When copying the data below, keep only the lines from the one with "Fauteuil style Louis XV (image 3)" through the one with "Apart Daire (3", word for word, and skip the pictures.

Records for the exercise:
<<<<
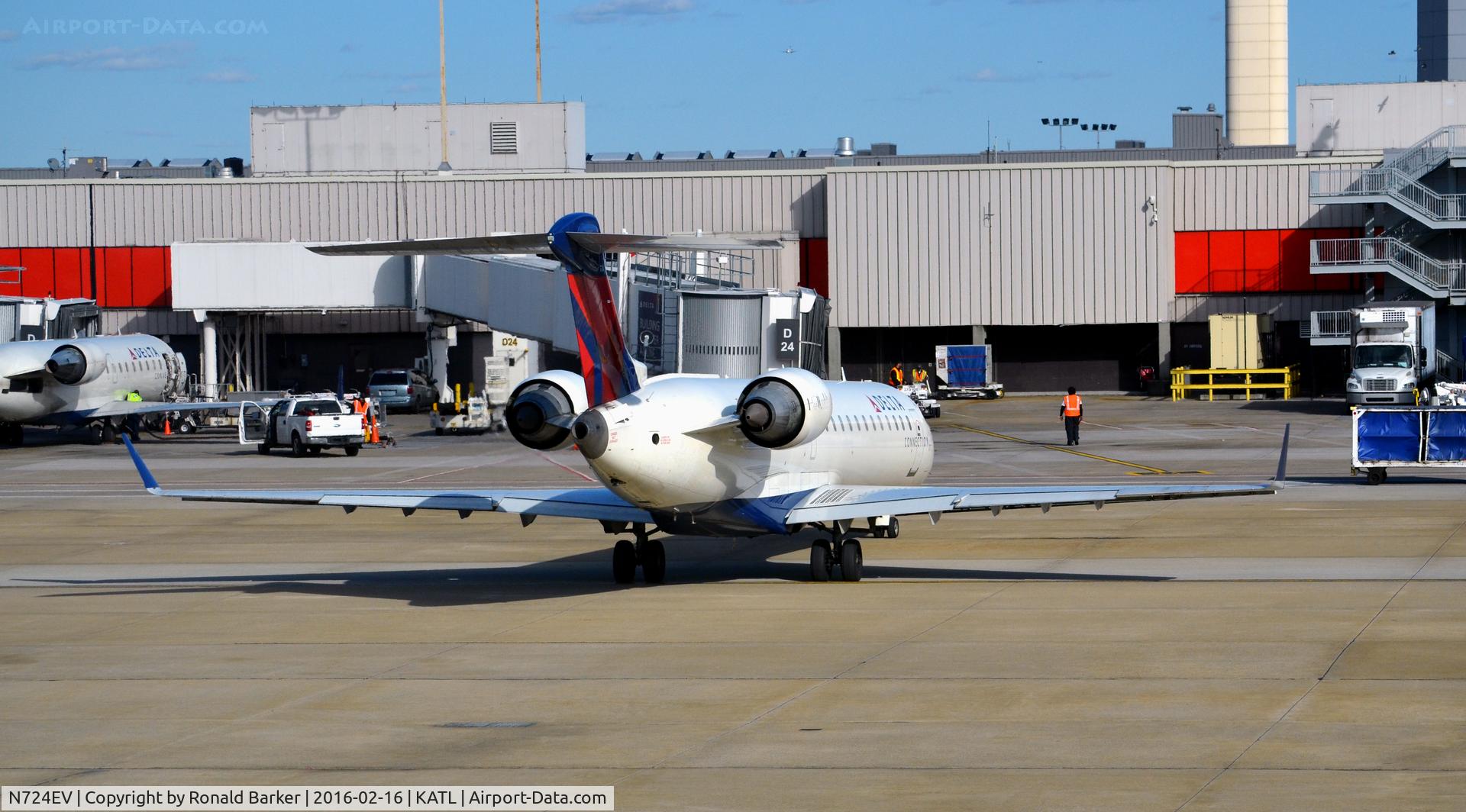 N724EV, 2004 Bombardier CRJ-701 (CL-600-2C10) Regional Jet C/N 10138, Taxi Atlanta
>>>>
<<<<
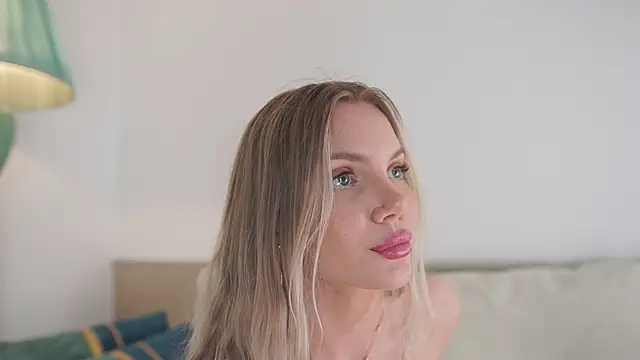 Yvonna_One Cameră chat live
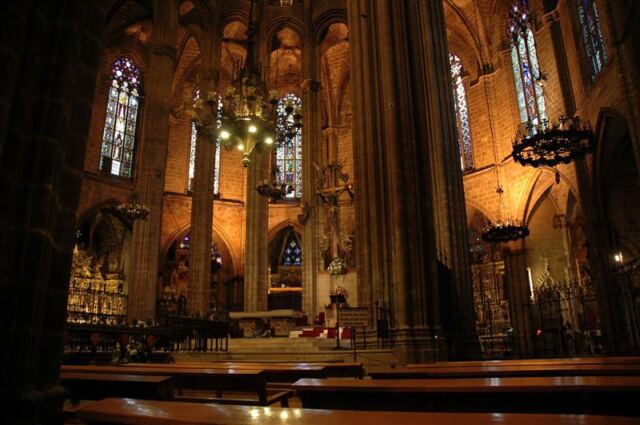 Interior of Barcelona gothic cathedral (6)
>>>>
<<<<
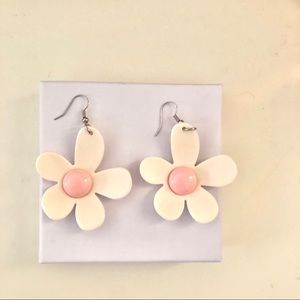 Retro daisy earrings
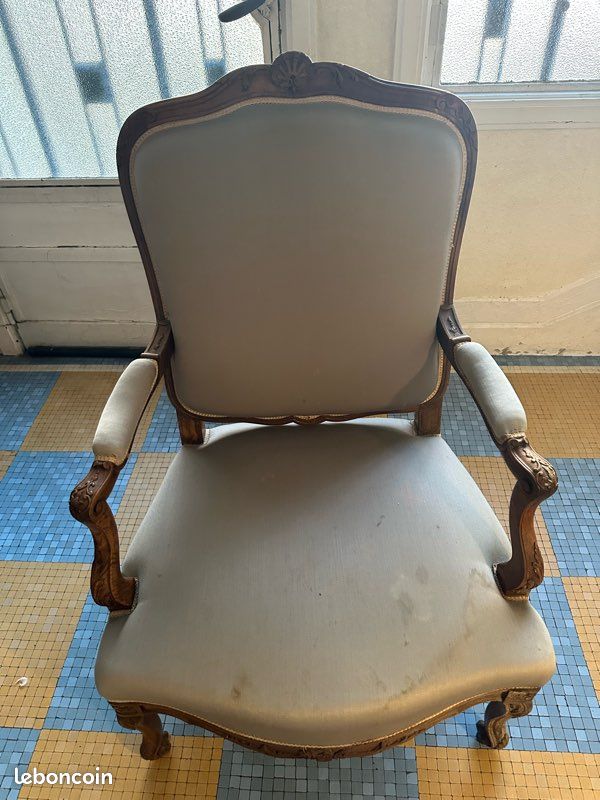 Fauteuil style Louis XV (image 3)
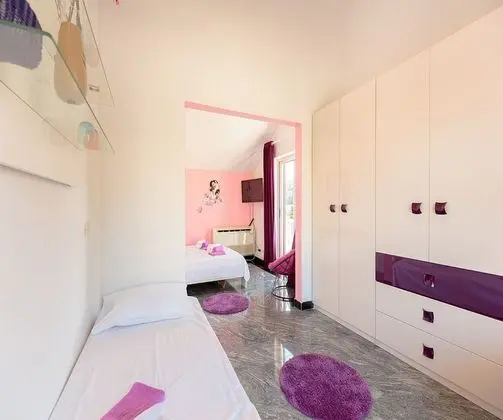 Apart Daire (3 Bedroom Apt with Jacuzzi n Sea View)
>>>>
Response:
 Fauteuil style Louis XV (image 3)
 Apart Daire (3 Bedroom Apt with Jacuzzi n Sea View)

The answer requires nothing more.